Corporations must report special events to their shareholders as soon as the event can materially impact the company's results (affect the profits or losses of the company). The most common special events include the following:
Acquisitions: Before a company can finalize plans to acquire another company, it must report those plans to its shareholders.
Class-action lawsuits: If a company is the defendant in a class-action lawsuit that can have a material impact on its results in the future, the company must report the lawsuit and discuss its potential impact with shareholders.
Mergers: If two firms plan on merging, the firms’ management must inform shareholders and also ask them to vote on the merger. If shareholders in either company vote against the merger, the deal is likely cancelled. Sometimes companies may revise the deal and attempt a second shareholder vote.
Dividends: Whenever the board decides to pay dividends, it has to report that information to the shareholders. Of course, dividends are one of the few items boards enjoy reporting, so they usually make a very public announcement to shareholders about the dividend payments.

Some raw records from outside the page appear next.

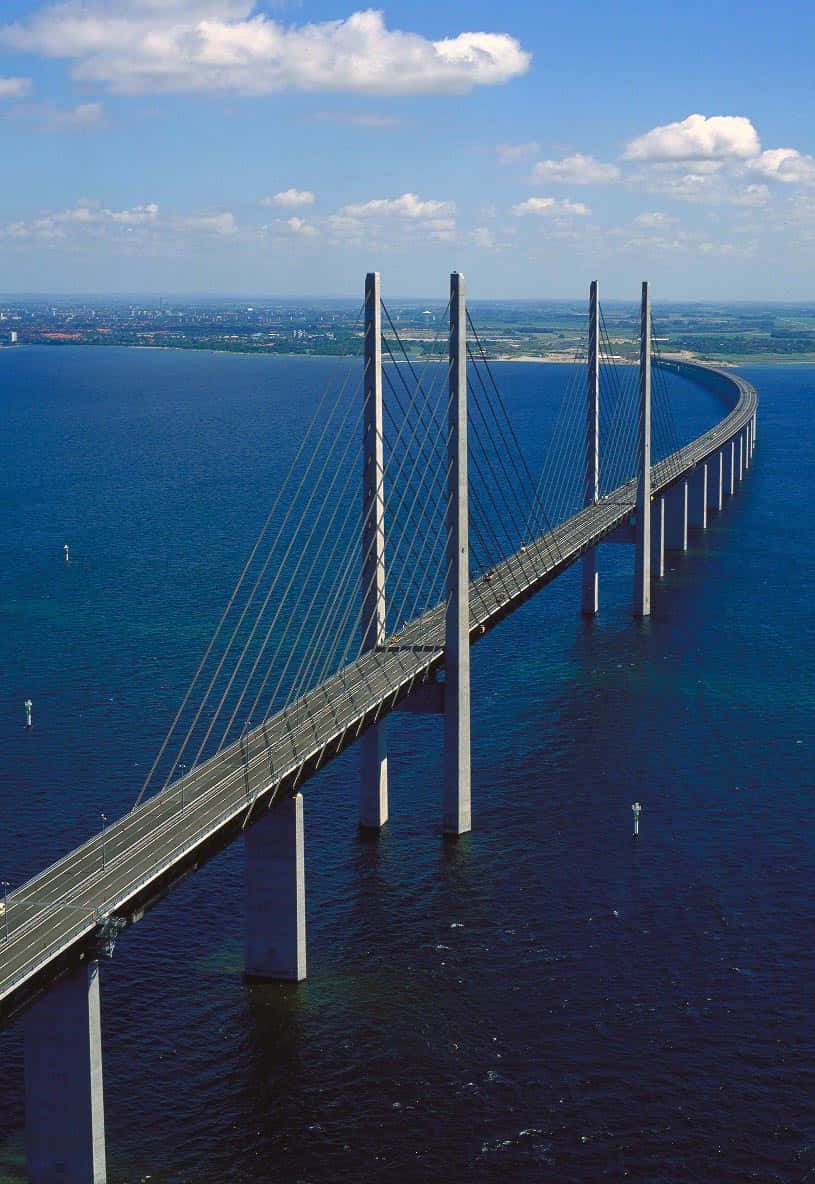 Caption: Aerial View Of The Oresund Bridge Background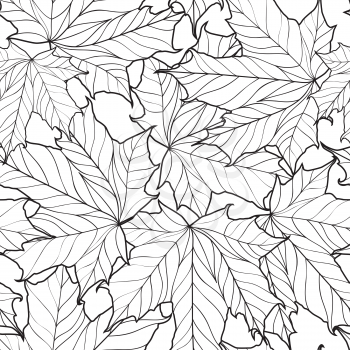 Floral seamless pattern. Leaves background. Nature ornamental texture with maple plant  leaf.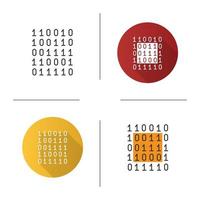 Binary code icon. Flat design, linear and color styles. Digital data. Computing. Isolated vector illustrations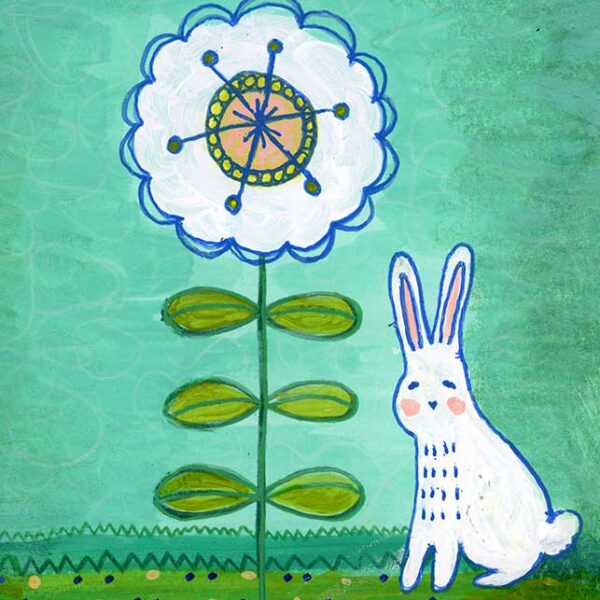 Bunny and Flower - Original Art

SEC investigation: If a company discovers that the SEC is investigating it, the company must report this knowledge to its shareholders in a timely manner.
Stock splits: A stock split occurs when the board decides to make one share of stock worth more than one share. For example, a stock split may be two shares for one, which means that each shareholder gets two shares of stock for each share that he holds.
Most times, a company announces a stock split when it believes the price of its stock has gotten too high for the market. So a stock that sells for $100 before a two-for-one stock split sells for $50 a share after the split.
In short, a company must give its shareholders the lowdown on anything that materially impacts the business's value. In fact, companies must report to the public and to financial analysts within 24 hours of telling any company outsider about a major event.